From Pendle Today, a review of Alison Weir's "Elizabeth of York":
If Sir Thomas More was ‘a man for all seasons,’ then the female equivalent was surely Elizabeth of York.  Daughter of a Plantagenet king, wife of the king who founded the Tudor dynasty and mother of the larger-than-life King Henry VIII, this was the woman whose marriage ended the bitter Wars of the Roses.
Alison Weir’s comprehensive, compelling and very readable portrait of Elizabeth reveals not just her life and times but the woman behind the myth, the queen respected by her husband, adored by her son and revered by the nation.

(External reviews are not an endorsement by Melisende's Library)

Monday, November 11, 2013

November Additions To The Library

Well, November is upon us and the order has gone in for the next round of additions to the Library. And here they are:

The Crimes of Elagabalus: The Life and Legacy of Rome's Decadent Boy Emperor by Martijn Icks
Elagabalus was one of the most notorious of Rome's 'bad emperors': a sexually-depraved and eccentric hedonist who in his short and riotous reign made unprecedented changes to Roman state religion and defied all taboos. This book examines the life of one of the Roman Empire's most colourful figures, and charts the many guises of his legacy.

Great Commanders of the Medieval World 454-1582AD by Andrew Roberts
A magisterial survey of the military giants of the medieval world. (And at AUS$8.00- a bargain!)

The Kings & Queens of Scotland by Timothy Venning
The story of the rulers of Scotland's constituent states and then of the united kingdom of Scots from Kenneth MacAlpin onwards is complex and often violent. It is full of rapid reversals of fortune, brilliant and incompetent leadership, family strife, and triumph and tragedy closely intertwined. The obscure earlier history is often as fascinating as the better-known stories of the Bruce and Queen Mary, though less familiar. This saga of a thousand years is a tribute to the qualities of Scotland's rulers. (I have two others by Venning - collection nearly complete!).

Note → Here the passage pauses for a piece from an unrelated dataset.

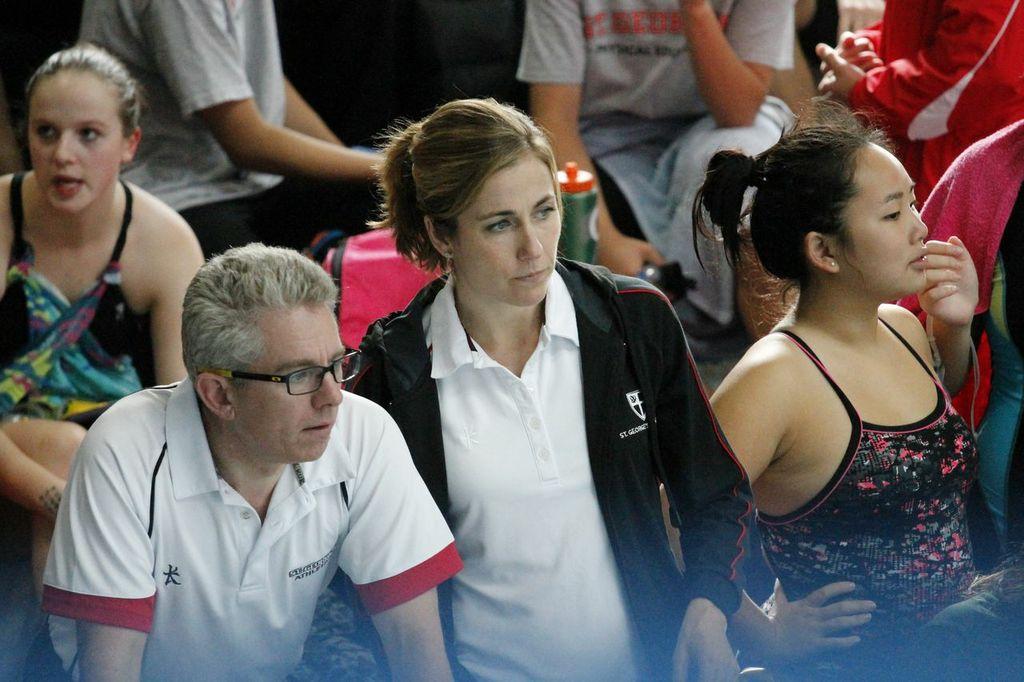 Mr. Sayers and Ms. Dill keeping track of swimmers' individual times.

The Italian Crusades: The Papal-Angevin Alliance and the Crusades Against Christian Lay Powers, 1254-1343 by Norman Housley
From the cover of the book:"The Papal - Angevin alliance and the Crusades against Christian lay powers 1254 - 1343" (hey - at over AUS$100.00 off RRP - a real bargain for a  300-page hardback edition!)

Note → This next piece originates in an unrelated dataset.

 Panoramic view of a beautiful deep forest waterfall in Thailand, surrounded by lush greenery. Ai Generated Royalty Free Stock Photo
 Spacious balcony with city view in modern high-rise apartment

The Dukes of Burgundy: Charles the Bold, John the Fearless, Philip the Bold, Philip the Good by Richard Vaughan
First published nearly forty years ago, Richard Vaughan's masterly four-part history of the Valois dukes of Burgundy has never been surpassed. Beginning with Philip the Bold, Vaughan describes the emergence of the Burgundian state. John the Fearless defended and developed its power ruthlessly during his ducal reign, which reached its apogee under Philip the Good. Charles the Bold ruled a state that was recognised as one of the major powers of medieval Europe, his ambition extending to an alliance with England. With the death of Charles fighting the Swiss army at Nancy in 1477, Richard Vaughan brings this history of the Burgundian dukedom to a triumphant conclusion. (Four volume box set).